▸ **Listed entries**
################

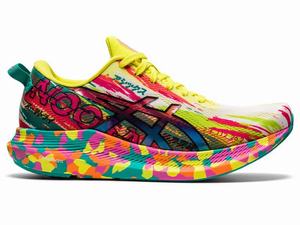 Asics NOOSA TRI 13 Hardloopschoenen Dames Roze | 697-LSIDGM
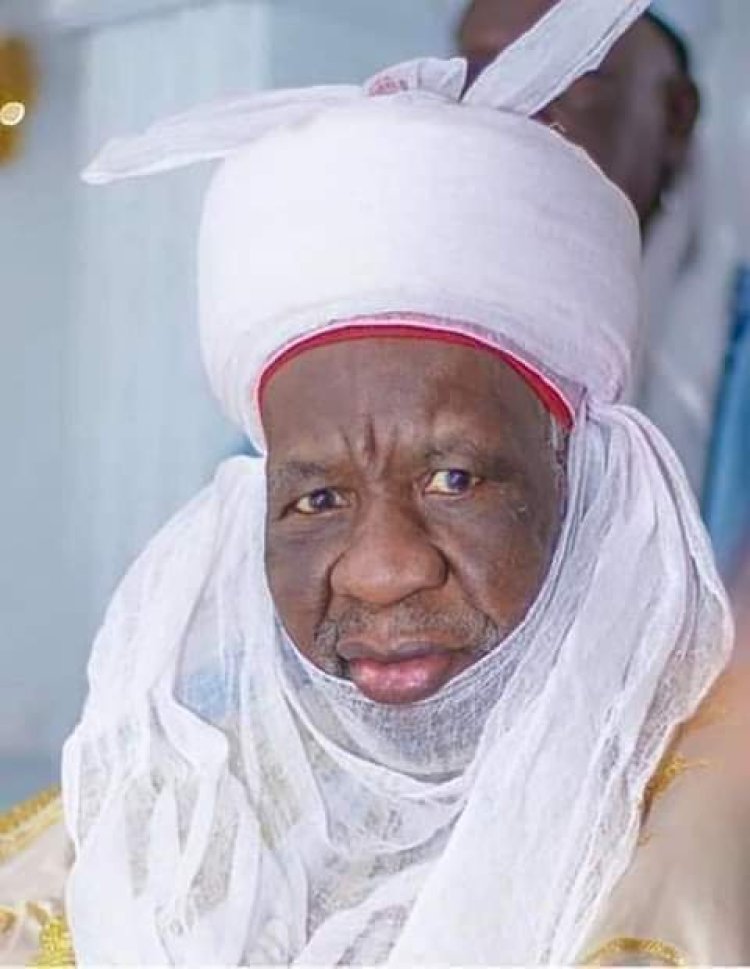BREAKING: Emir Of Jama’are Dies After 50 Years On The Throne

################

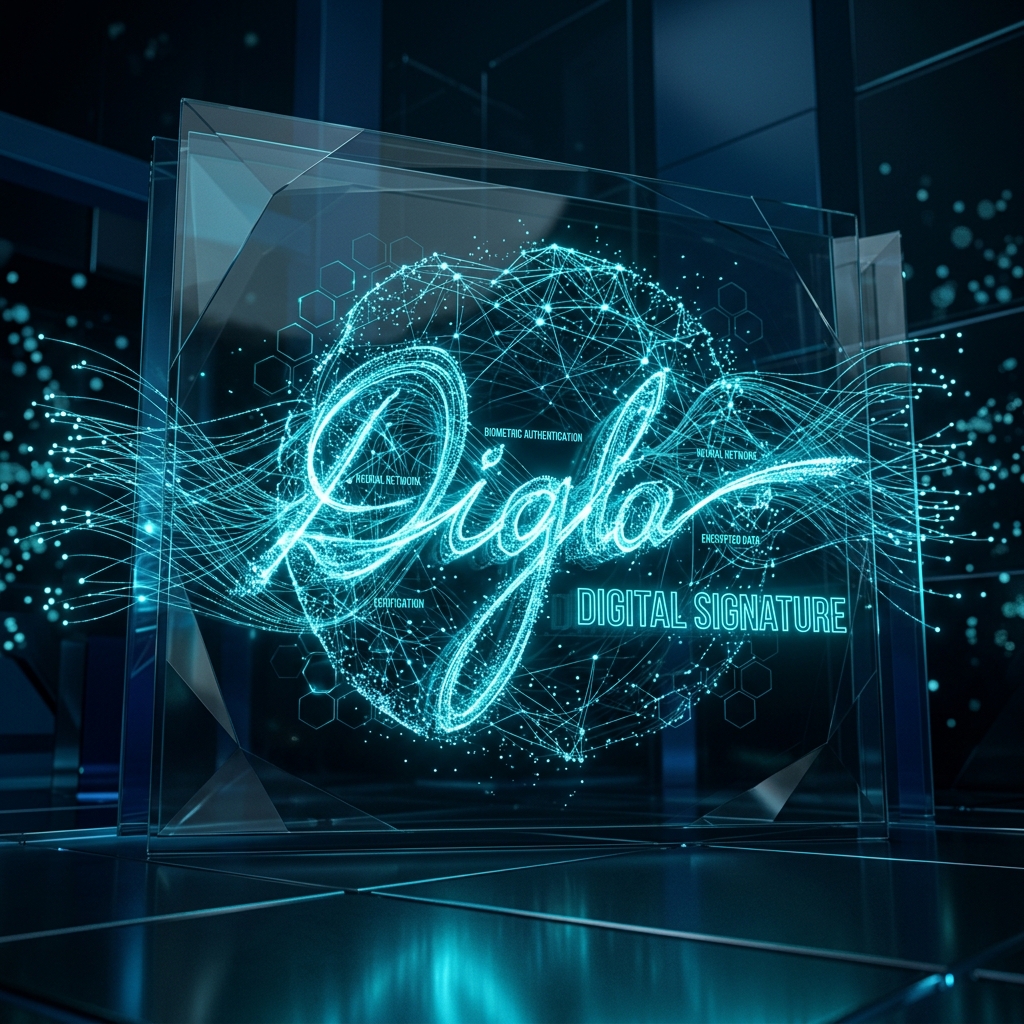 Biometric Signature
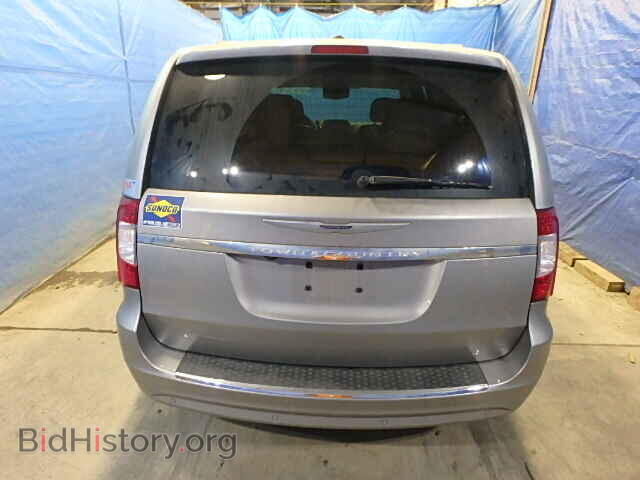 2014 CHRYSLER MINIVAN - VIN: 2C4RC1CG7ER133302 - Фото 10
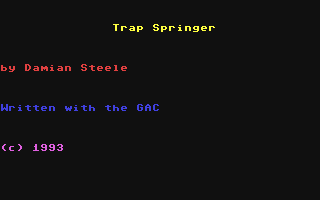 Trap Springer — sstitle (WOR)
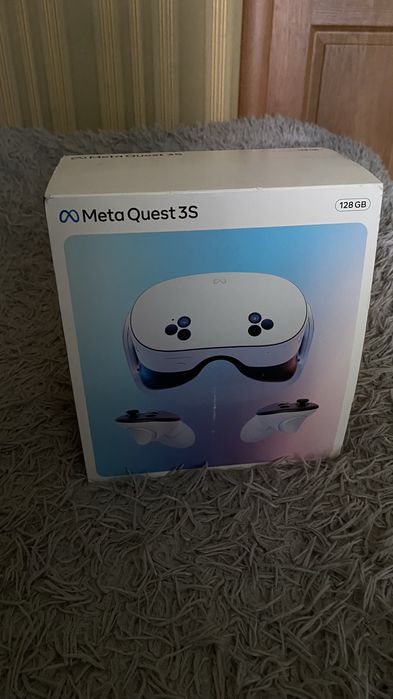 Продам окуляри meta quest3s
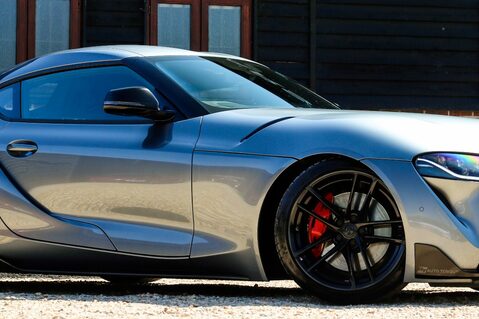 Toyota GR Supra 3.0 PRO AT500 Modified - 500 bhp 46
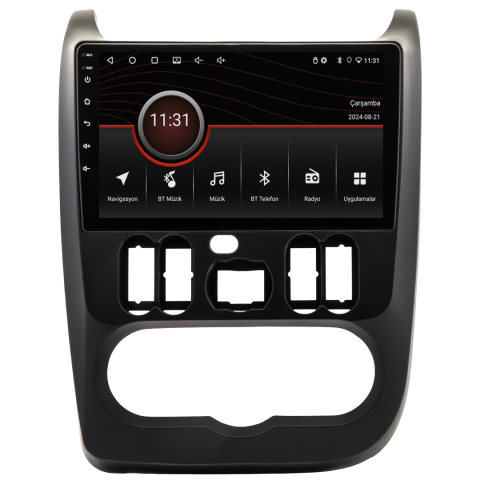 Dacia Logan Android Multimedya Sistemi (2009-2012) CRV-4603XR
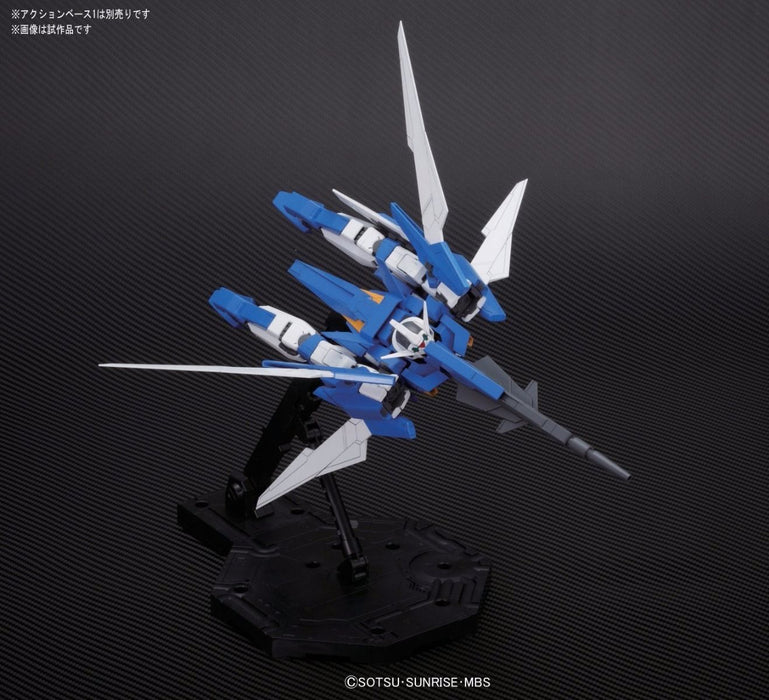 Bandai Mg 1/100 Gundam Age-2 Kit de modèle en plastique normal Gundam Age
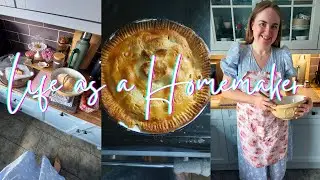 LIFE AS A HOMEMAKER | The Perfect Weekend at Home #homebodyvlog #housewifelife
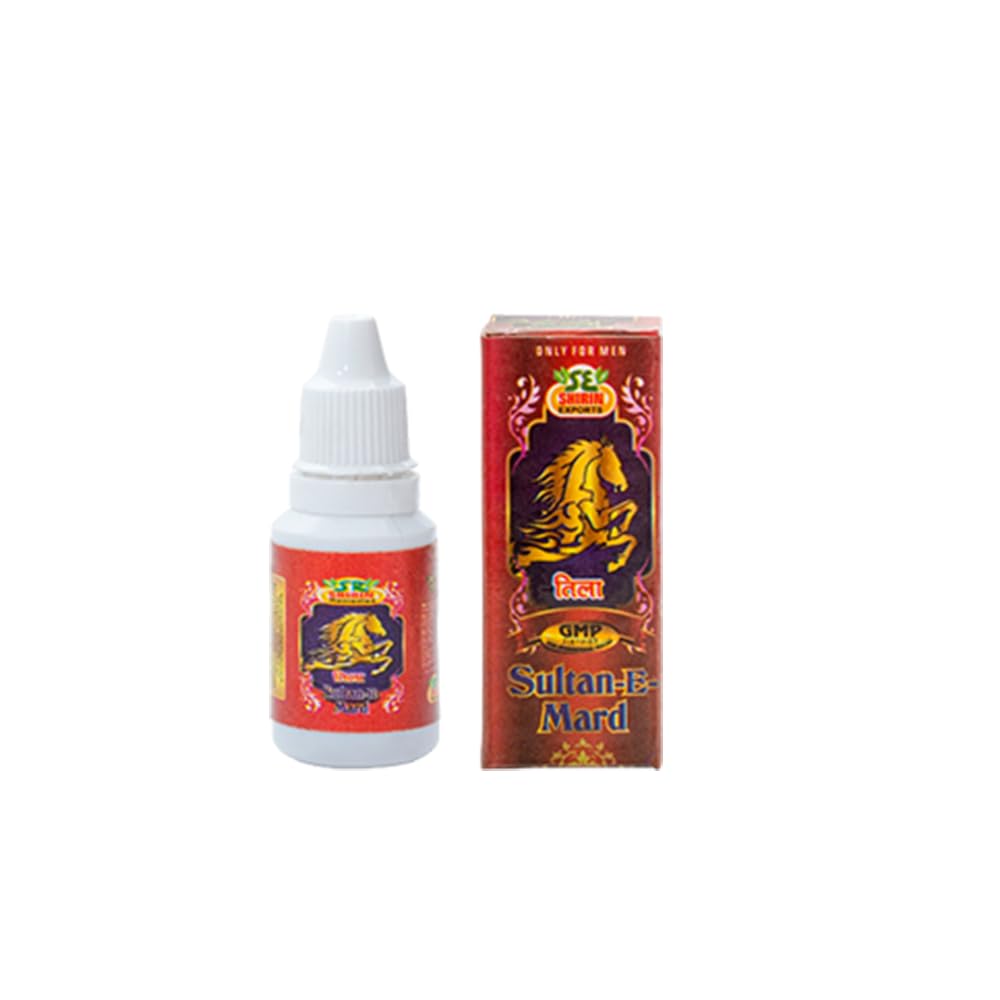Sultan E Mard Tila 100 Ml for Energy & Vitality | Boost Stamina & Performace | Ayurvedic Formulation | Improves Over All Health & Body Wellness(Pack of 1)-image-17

################

▸ **Assigned task**
Give the lines above again exactly, from the one containing "Asics NOOSA TRI" to the one containing "BREAKING: Emir Of", both included, but leave out the pictures.

▸ **Result**
 Asics NOOSA TRI 13 Hardloopschoenen Dames Roze | 697-LSIDGM
BREAKING: Emir Of Jama’are Dies After 50 Years On The Throne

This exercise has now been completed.